[Directions for this task]: Print the listing below a second time, exactly, and omit its images.

[Dataset extract]:
************

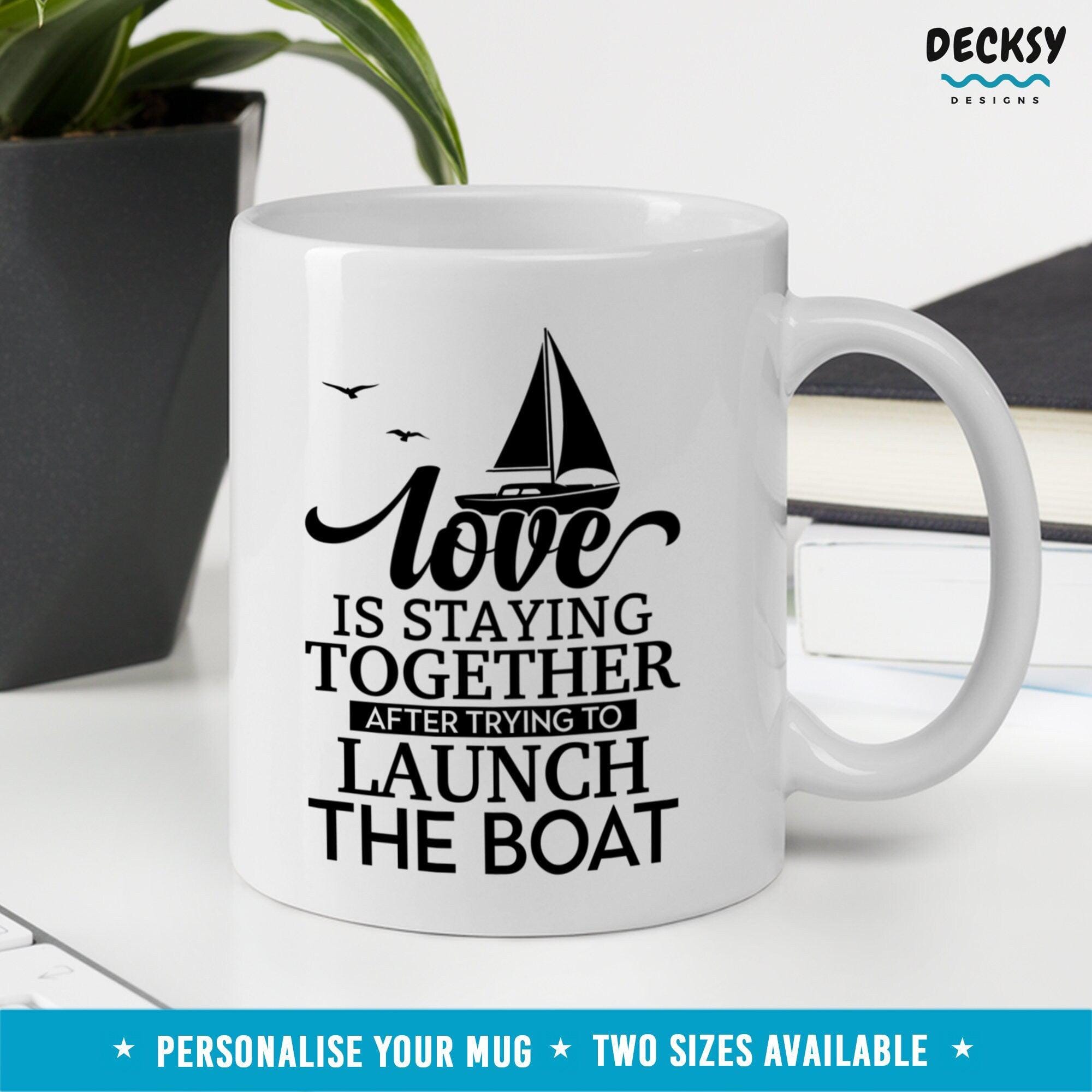 Boat Lovers Mug, Custom Sailing Gift-Home & Living:Kitchen & Dining:Drink & Barware:Drinkware:Mugs-DecksyDesigns-11 Oz-NO PERSONALISATION-DecksyDesigns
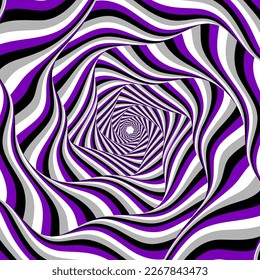 Radial optical illusion background. Black and white abstract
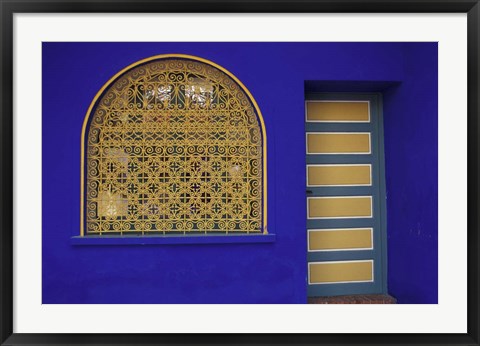 Framed Doorway in Jardin Majorelle, Marrakech, Morocco Print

************

[Problem solution]:
 Boat Lovers Mug, Custom Sailing Gift-Home & Living:Kitchen & Dining:Drink & Barware:Drinkware:Mugs-DecksyDesigns-11 Oz-NO PERSONALISATION-DecksyDesigns
 Radial optical illusion background. Black and white abstract
 Framed Doorway in Jardin Majorelle, Marrakech, Morocco Print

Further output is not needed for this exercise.